Automated Perimetry مجال ابصار

Your visual field refers to how much you can see around you, including objects in your peripheral (side) vision.

Visual field testing is used to monitor peripheral, or side, vision.

This test produces a map of your field of vision. Visual field tests help your ophthalmologist monitor any loss of vision and diagnose eye problems and disease.

How is Visual field test performed?
The test is performed with a large, bowl-shaped instrument called a perimeter. In order to test one eye at a time, one of your eyes is temporarily patched during the test. You will be seated and positioned comfortably in front of the perimeter and asked to look straight ahead at a fixed spot (the fixation target). The computer randomly flashes points of light around the bowl-shaped perimeter. When you see a light, press the indicator button. It is very important to always keep looking straight ahead.

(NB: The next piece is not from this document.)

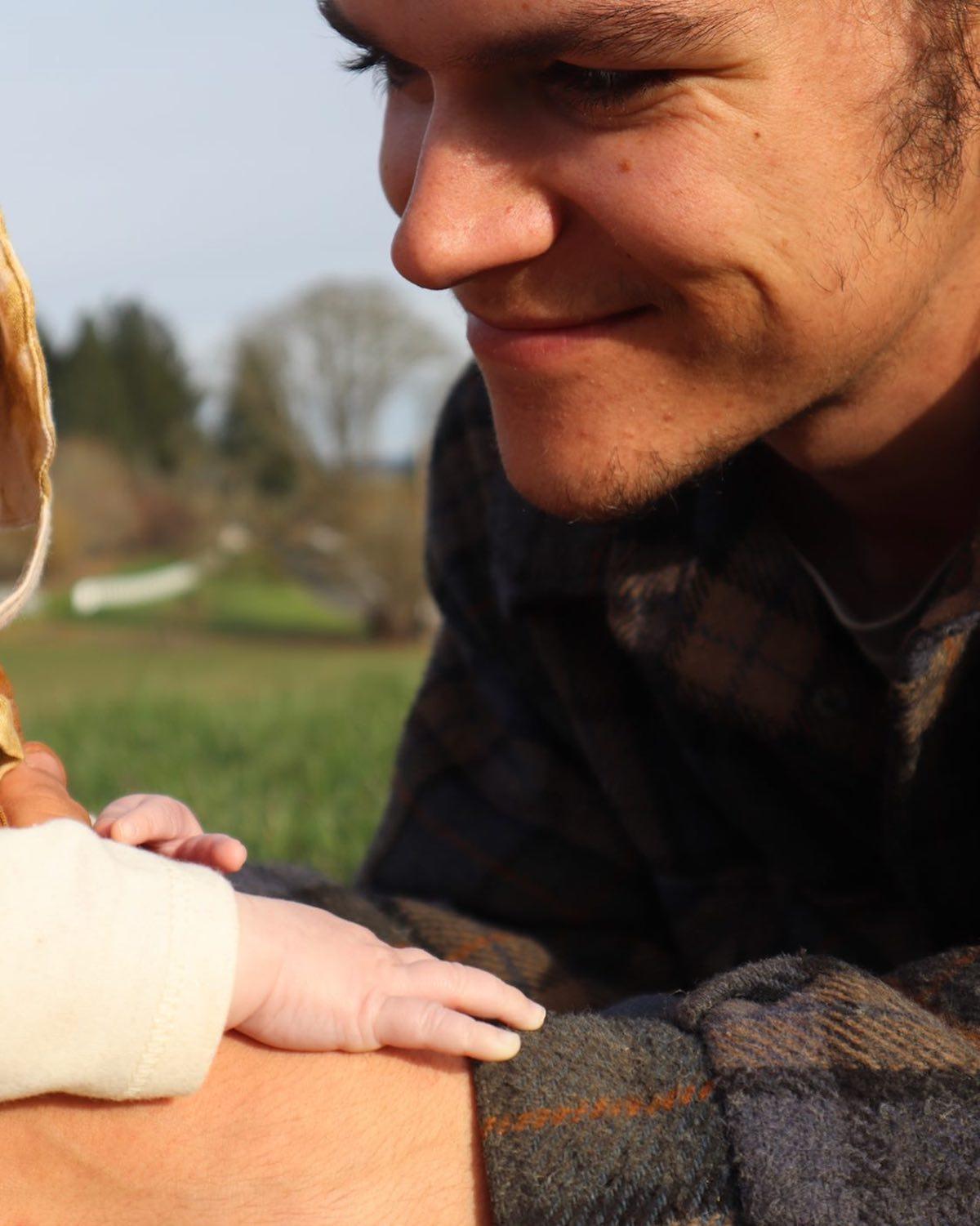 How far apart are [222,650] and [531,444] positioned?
22170 mm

Do not move your eyes to look for the target; wait until it appears in your side vision. A delay in seeing a light does not necessarily mean your field of vision is damaged.

If you need to rest during the test, tell the technician and he or she will pause the test until you are ready to continue.

Your ophthalmologist will interpret the results of your test and discuss them with you.

Types of visual field tests:

There are two main testing methods:

  • Moving Targets. Lighted targets are moved from where you can’t see them (beyond your side vision) in towards the center of your vision until you do see them. As soon as the target appears in your field of vision, you press the indicator button.
  • Fixed Targets. Instead of targets moving into your field of vision, fixed targets suddenly appear in different areas on the screen. When the targets appear, you press the indicator button.

Why are these tests important?

Initially, visual field tests help your ophthalmologist diagnose problems with your eyes, optic nerve or brain, including:

  • loss of vision;
  • glaucoma;
  • disorders of your retina (layer of cells that lines the back of your eye);
  • other neurologic conditions including brain tumors, multiple sclerosis, and stroke.